*Aim of the task:*
If a line in the data holds the string "conversion", list it.
(Beginning of Data provided)
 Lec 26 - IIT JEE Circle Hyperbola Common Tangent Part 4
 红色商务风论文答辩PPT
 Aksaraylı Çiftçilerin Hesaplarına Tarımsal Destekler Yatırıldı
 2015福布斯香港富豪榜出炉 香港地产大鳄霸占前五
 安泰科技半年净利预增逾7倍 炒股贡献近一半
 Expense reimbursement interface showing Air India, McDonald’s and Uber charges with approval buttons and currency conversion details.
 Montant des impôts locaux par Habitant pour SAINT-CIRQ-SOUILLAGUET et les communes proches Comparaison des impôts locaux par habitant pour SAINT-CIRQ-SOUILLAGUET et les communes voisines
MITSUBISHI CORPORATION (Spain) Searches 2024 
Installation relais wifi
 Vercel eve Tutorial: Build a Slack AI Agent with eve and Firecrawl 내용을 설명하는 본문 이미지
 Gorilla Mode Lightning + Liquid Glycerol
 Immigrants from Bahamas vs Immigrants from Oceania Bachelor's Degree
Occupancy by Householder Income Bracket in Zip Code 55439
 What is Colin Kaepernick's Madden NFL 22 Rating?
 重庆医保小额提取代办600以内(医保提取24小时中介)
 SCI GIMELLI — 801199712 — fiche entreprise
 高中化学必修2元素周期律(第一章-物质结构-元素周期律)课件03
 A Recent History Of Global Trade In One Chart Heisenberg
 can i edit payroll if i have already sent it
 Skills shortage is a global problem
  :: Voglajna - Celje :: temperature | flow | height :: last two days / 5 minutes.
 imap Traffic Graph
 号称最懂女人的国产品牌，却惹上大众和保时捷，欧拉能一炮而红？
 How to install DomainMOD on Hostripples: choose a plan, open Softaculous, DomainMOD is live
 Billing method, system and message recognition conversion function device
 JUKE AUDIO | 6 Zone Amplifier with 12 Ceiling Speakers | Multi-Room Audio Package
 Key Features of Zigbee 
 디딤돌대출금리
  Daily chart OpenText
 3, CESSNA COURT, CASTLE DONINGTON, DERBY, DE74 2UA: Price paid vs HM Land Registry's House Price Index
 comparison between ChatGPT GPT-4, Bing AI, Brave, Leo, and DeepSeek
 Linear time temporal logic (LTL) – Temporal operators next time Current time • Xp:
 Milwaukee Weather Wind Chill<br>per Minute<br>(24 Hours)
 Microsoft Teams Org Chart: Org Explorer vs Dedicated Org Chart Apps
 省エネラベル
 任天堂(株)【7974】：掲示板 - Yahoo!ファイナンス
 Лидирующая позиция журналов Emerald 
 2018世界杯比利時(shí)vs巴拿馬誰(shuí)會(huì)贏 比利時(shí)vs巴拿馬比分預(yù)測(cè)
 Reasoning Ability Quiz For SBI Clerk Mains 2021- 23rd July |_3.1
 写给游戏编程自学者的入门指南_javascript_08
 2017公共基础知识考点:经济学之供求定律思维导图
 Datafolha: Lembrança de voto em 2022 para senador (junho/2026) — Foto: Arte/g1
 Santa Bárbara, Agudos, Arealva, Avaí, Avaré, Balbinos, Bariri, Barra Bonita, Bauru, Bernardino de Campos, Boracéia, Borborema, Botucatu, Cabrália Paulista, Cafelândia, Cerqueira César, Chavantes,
(End of Data provided)
*Result of this task:*
 Expense reimbursement interface showing Air India, McDonald’s and Uber charges with approval buttons and currency conversion details.
 Billing method, system and message recognition conversion function device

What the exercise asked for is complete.